FrovedisServer.shut_down()

In these samples using the Credit Card Fraud Detection dataset, we first show the classification tree using the Frovedis and scikit-learn versions, and then the analysis using the gradient boosting classification tree. Finally, the classification results are graphed using PCA feature reduction. The comparison of training time between Frovedis and scikit-learn learning algorithms is shown in the table below.

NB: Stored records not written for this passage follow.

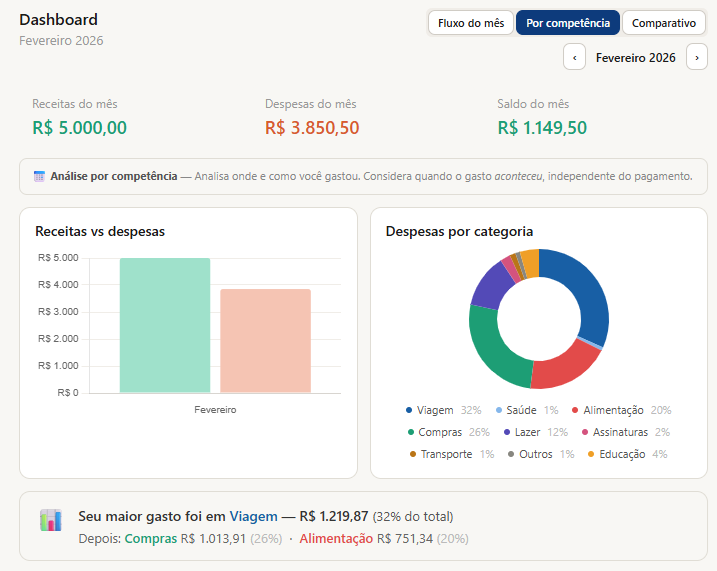 Dashboard do App NPSA Financas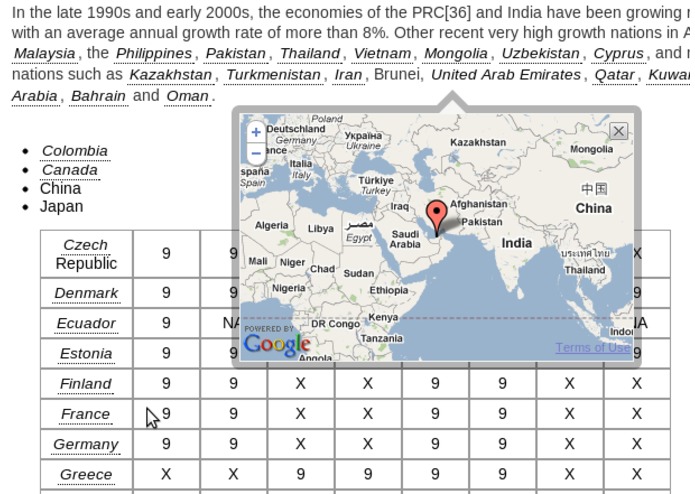 Country Keyword Highlight Plugin using World Bank Data – screenshot 3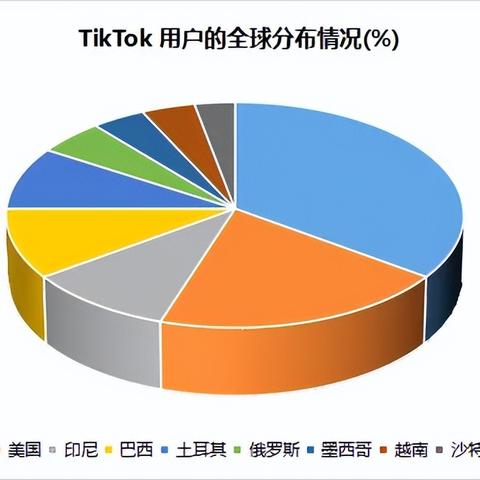 印度跨境中国电商平台 的拓展长尾关键词有哪些 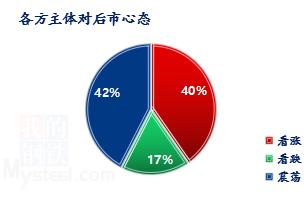 阶段性供需博弈 猪价仍震荡盘整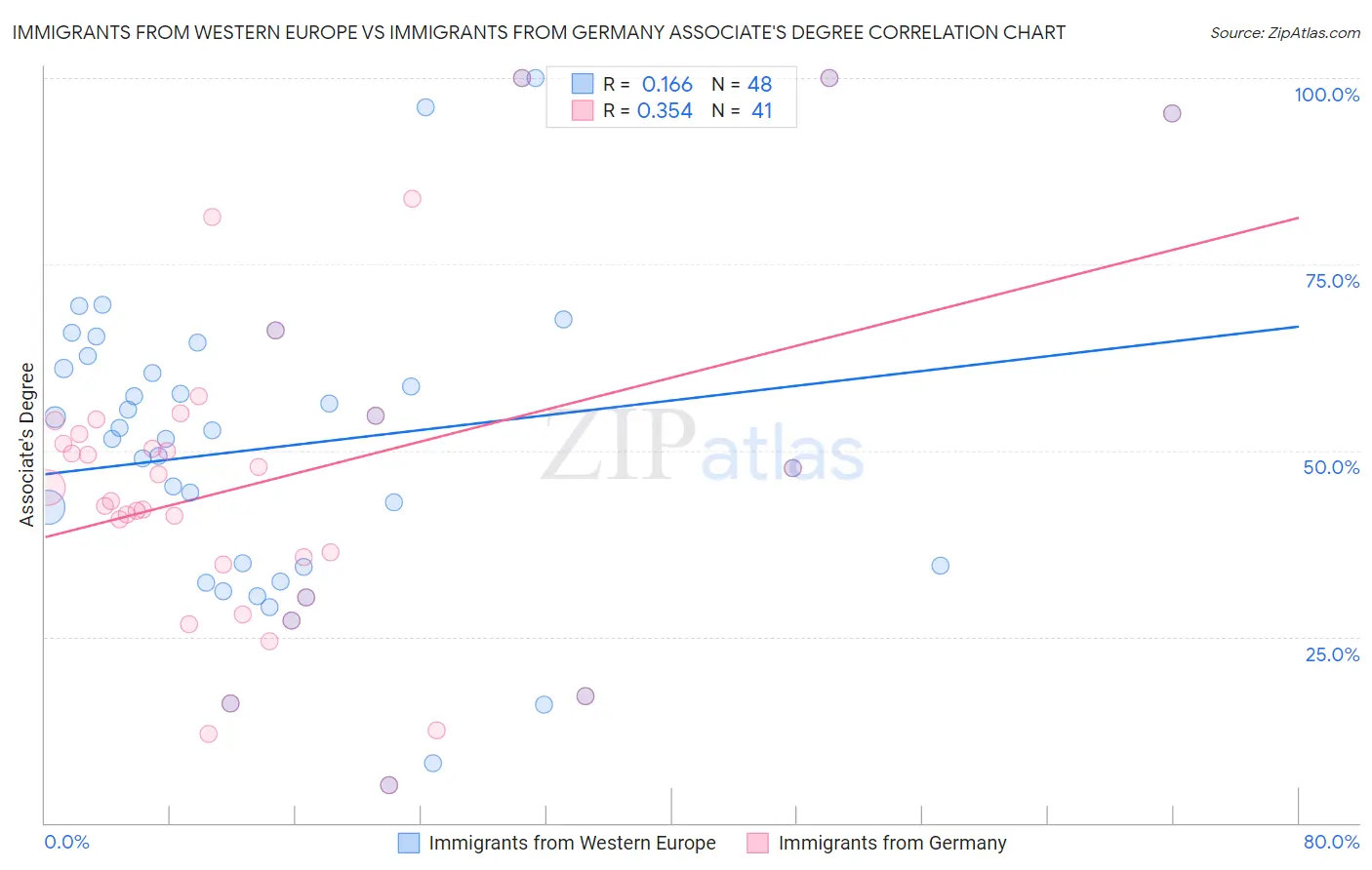 Immigrants from Western Europe vs Immigrants from Germany Associate's Degree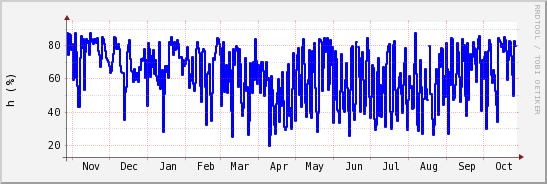 wykres przebiegu zmian wilgotność powietrza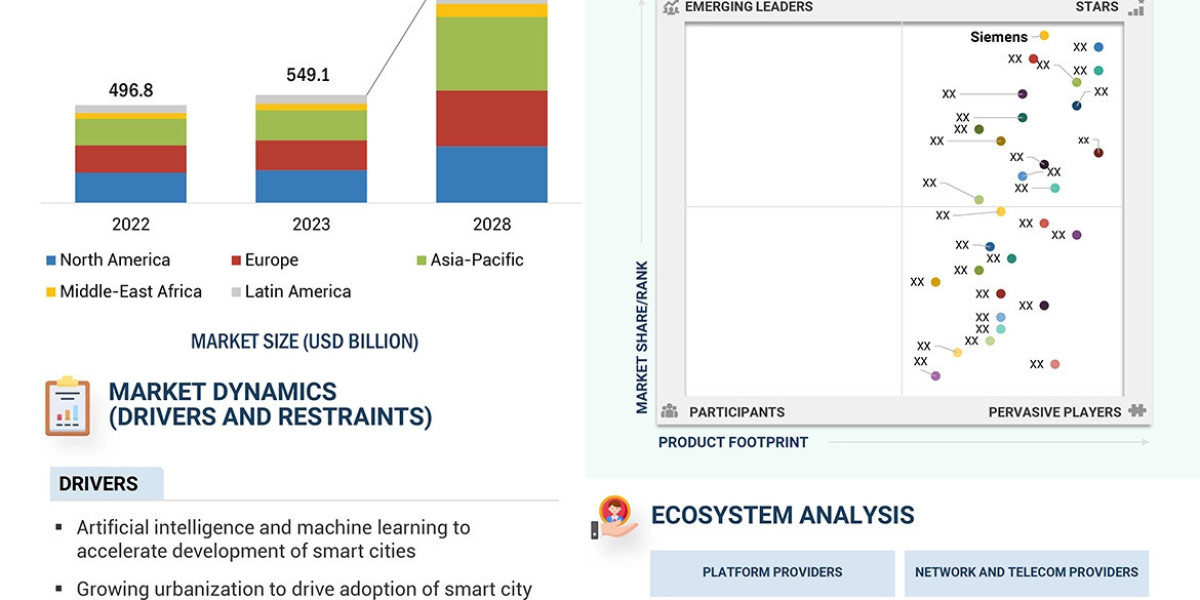 Smart Cities Market Set to Grow to $1,114.4 Billion by 2028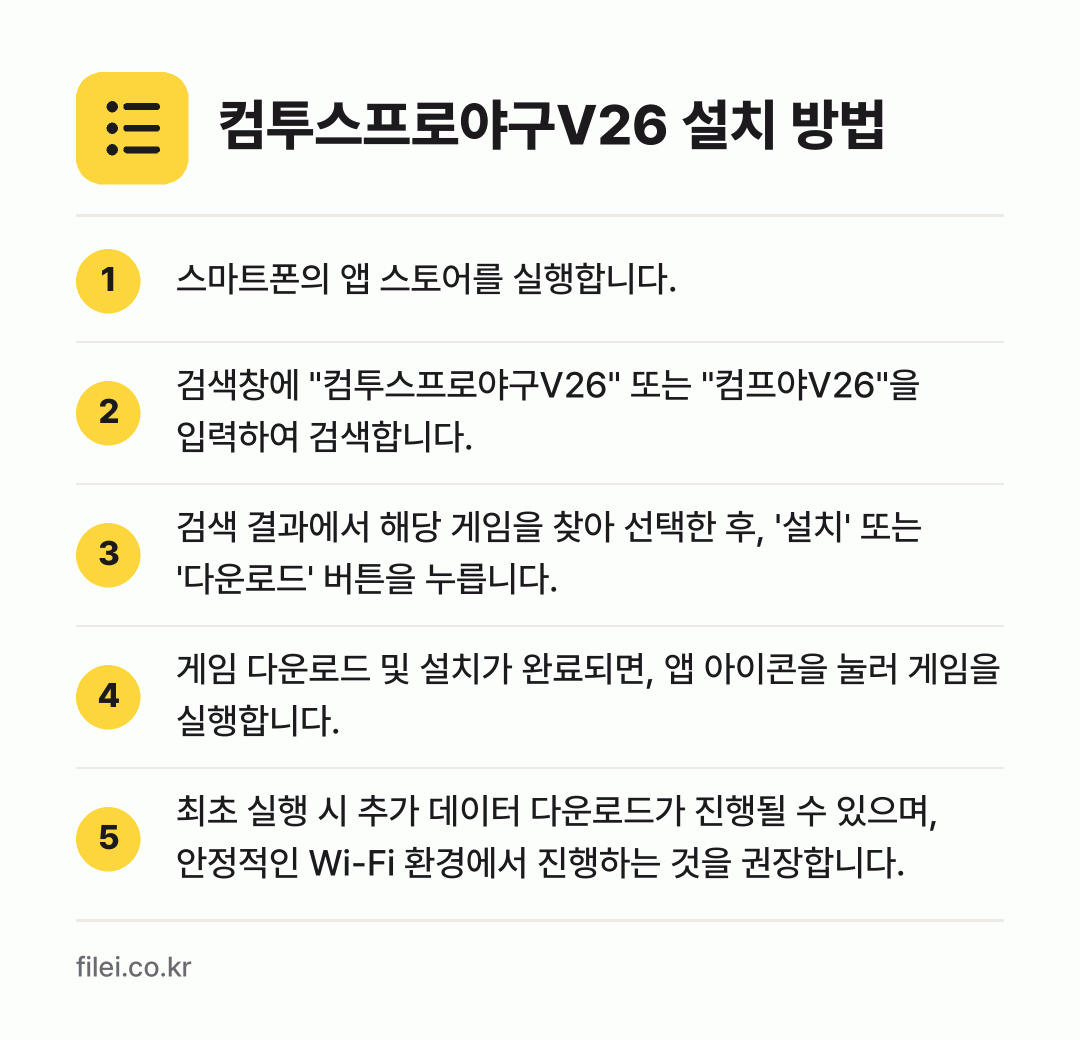 컴투스프로야구V26 설치 방법: 스마트폰의 앱 스토어를 실행합니다. → 검색창에 "컴투스프로야구V26" 또는 "컴… → 검색 결과에서 해당 게임을 찾아 선택한 후… → 게임 다운로드 및 설치가 완료되면, 앱 아… → 최초 실행 시 추가 데이터 다운로드가 진행…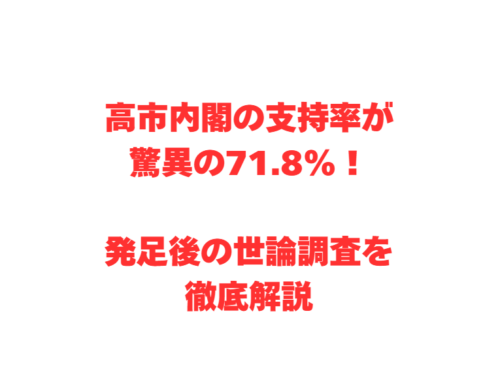 高市内閣の支持率が驚異の71.8%！発足後の世論調査を徹底解説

Learning algorithms	Frovedis (sec)	scikit-learn (sec)	Ratio
ClassificationTrees	0.26	7.81	x30.0
Gradient boosting	16.84	1398.77	x83.1

The optimization and cross-validation of large data sets by iteratively training with varying machine learning parameters can be time consuming in many cases. In cases where data with new characteristics are frequently added, time-consuming re-training is repeated.
By using Frovedis' parallelized algorithms on SX-Aurora TSUBASA, high performance training models can be prepared frequently and quickly, reducing the cost of system development and maintenance.